Our author has warned his readers against reluctance to make progress, desiring safety and being content with a little assurance. Instead, they, we, must grow up, keep on, forsaking all other, being a real help and bringing true life to others—conforming to Christ.

In chapter 6 the author wants them to go on to maturity’ on to solid food, his in-depth teaching on the high-priestly work of Christ—the heavenly Christ—which he has already introduced earlier in chapter 2.

So, instead of going over the ‘elementary teachings’ –the foundational matters– repentance and faith, teachings about washings, laying on of hands, resurrection and eternal judgment, our author wants his readers to press onwards, deeper—solid food, that will move, stimulate, challenge them onwards to maturity. They have to give up the repetitive elementary stuff and take up things more difficult to digest, but of immense worth.

Now these six foundational matters were not new to Jewish people. They are, in the most part, the foundations of Israel. And Israel’s foundation is the root of the Way of Jesus. So why dwell on these basics?

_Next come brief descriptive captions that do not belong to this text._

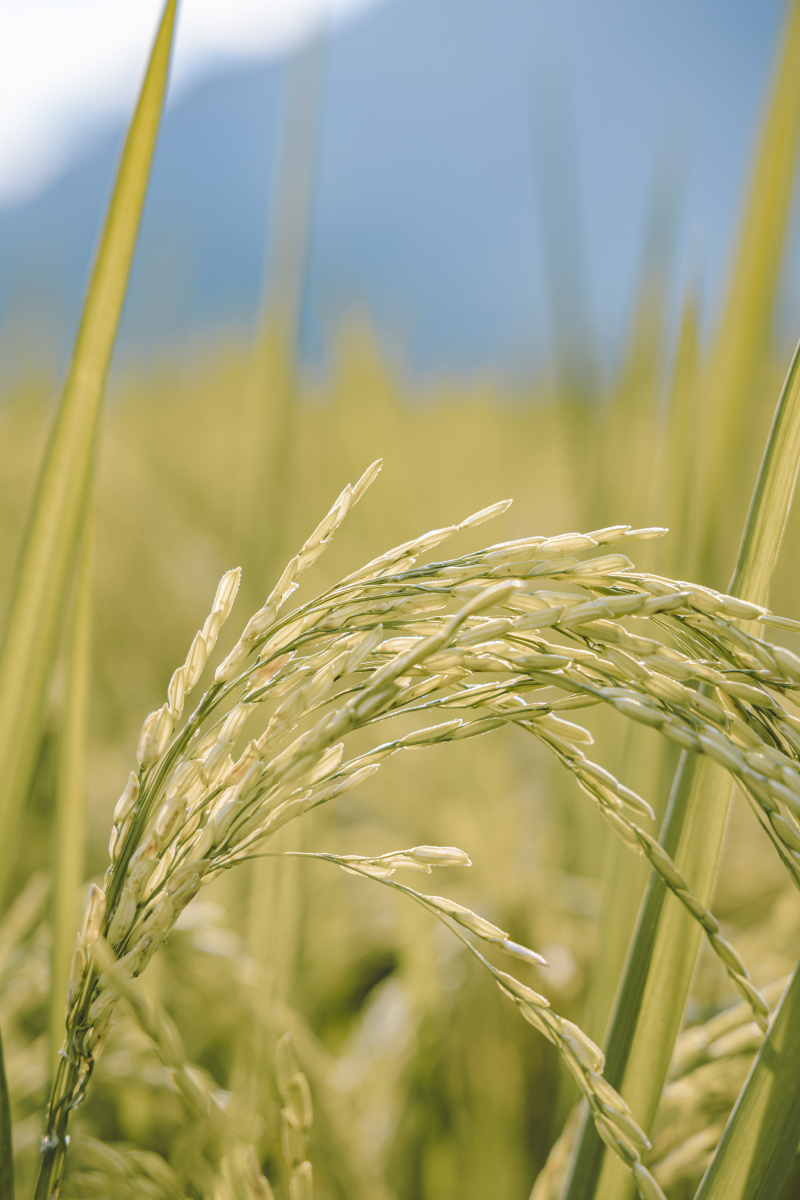 金灿灿的稻田一定很好看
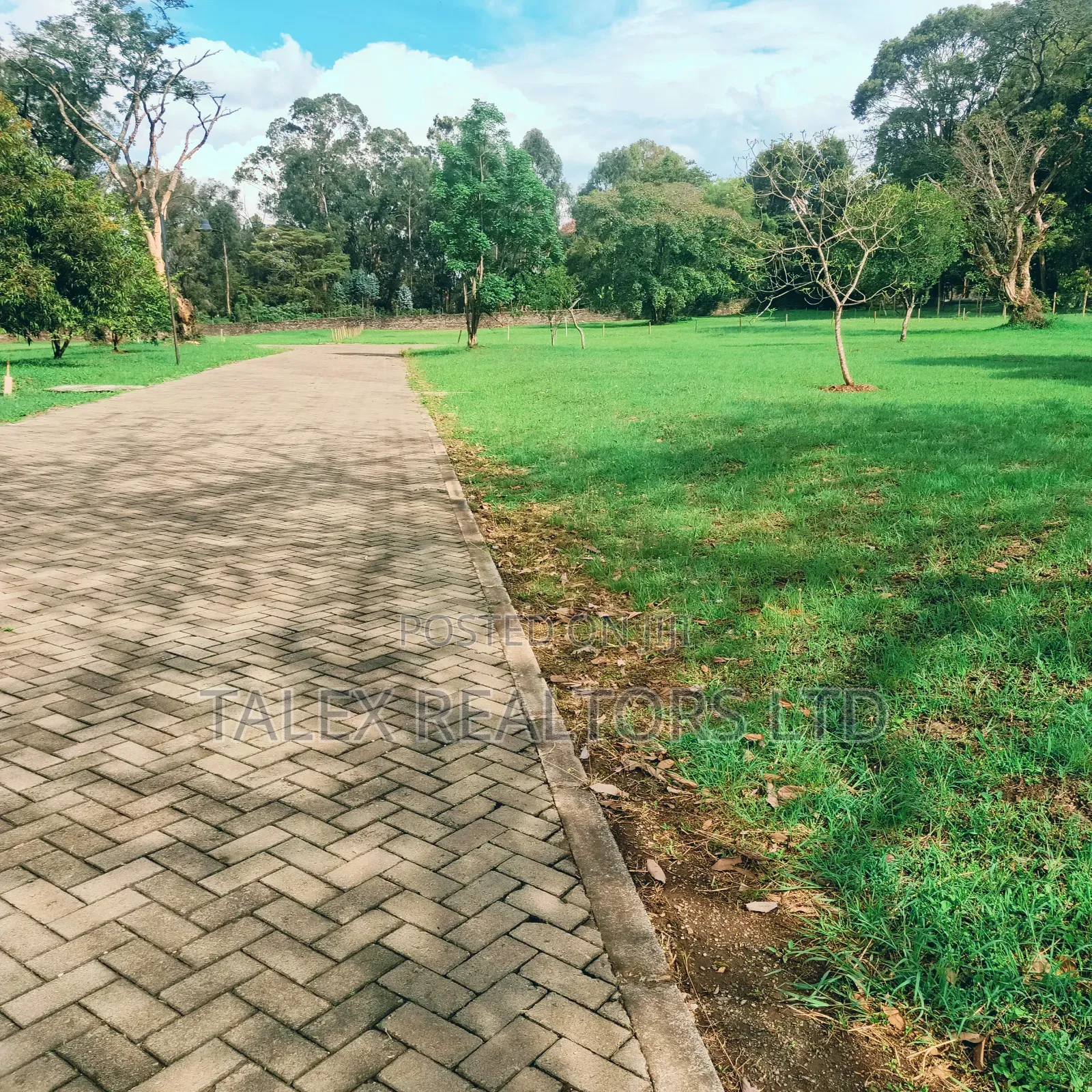 Karen Hills: Luxury 1-Acre Plots in Karen With Ngong Hills View in Karen C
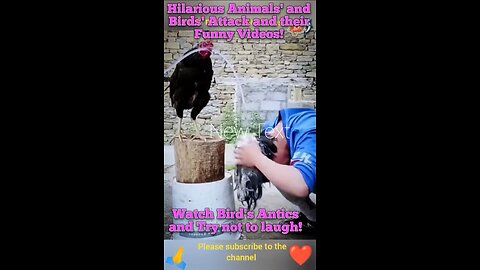 Hilarious Animals' and Birds' Attack and their Funny Videos!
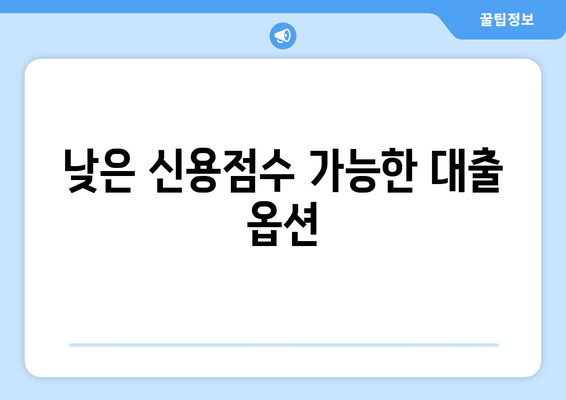 낮은 신용점수 가능한 대출 옵션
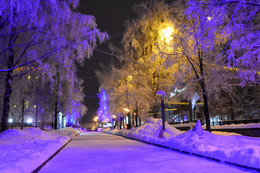 Вечерний Киров: малый сквер на улице Карла Маркса / Сквер вблизи администрации города -- одно из самых &quot;классических&quot; в городе. Подходящее уличное освещение для такого морозного вечера.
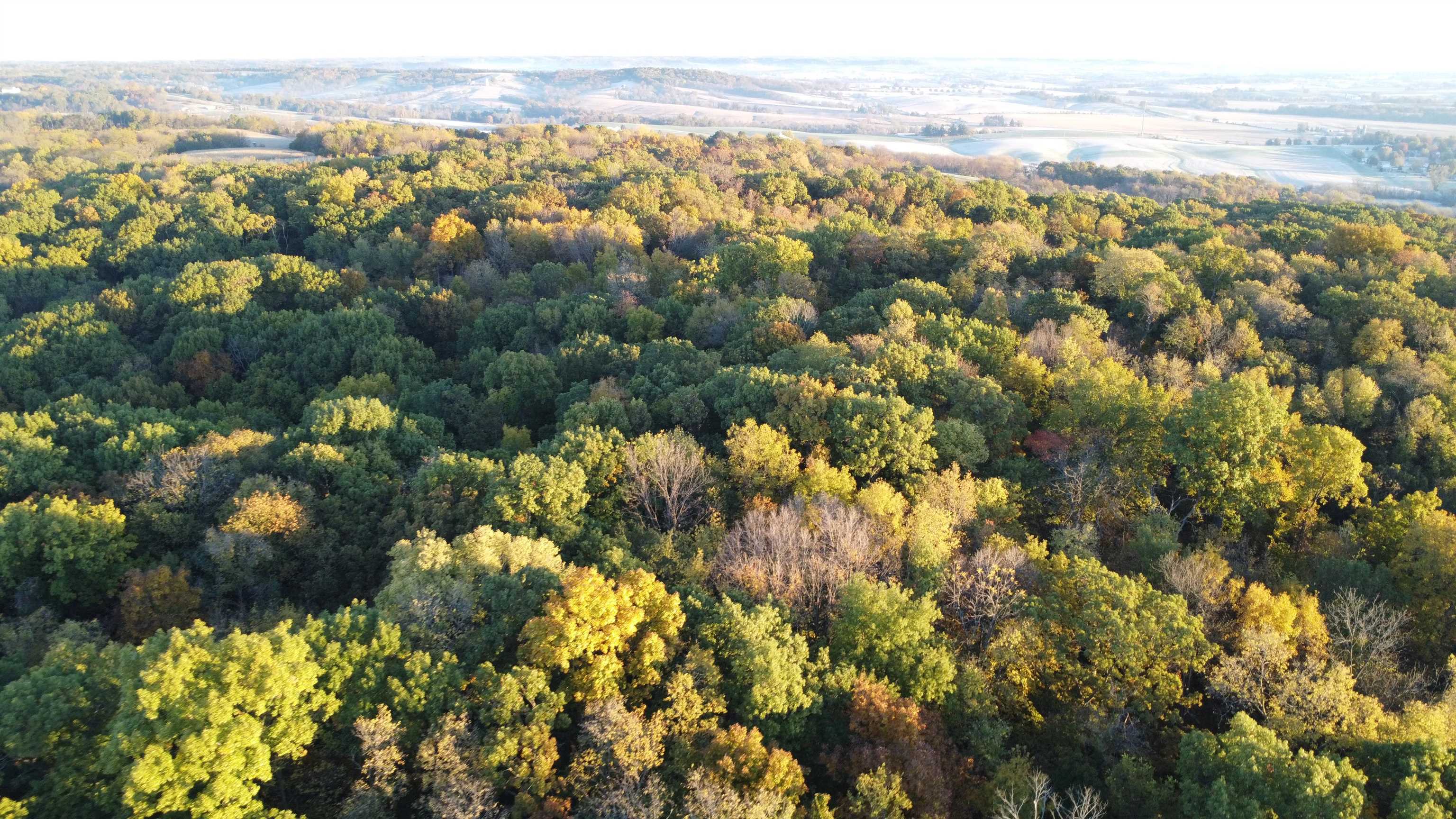 78+/- Acres TBD W Blanding Road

From personal experience I know how upset an architect would be if on arrival on site to find the builder had re-laid the foundation for his or her designed building. God must be grieved when we keep re-laying a foundation, trotting out basic stuff again and again, ignoring his brilliant design to actually complete the project.

Many preachers today keep teaching foundational things over and over again and their pet subjects. The deeper things of God are ignored as not being seeker friendly or not relevant for 21st Century sophisticates. Has the Holy Spirit been forgotten? Many people hear regular gospel sermons, kept silent observers under pastor or priest instead of being active, alive members of a many-membered body with Christ as Head and the Holy Spirit inspiring each one. Kept in babyhood.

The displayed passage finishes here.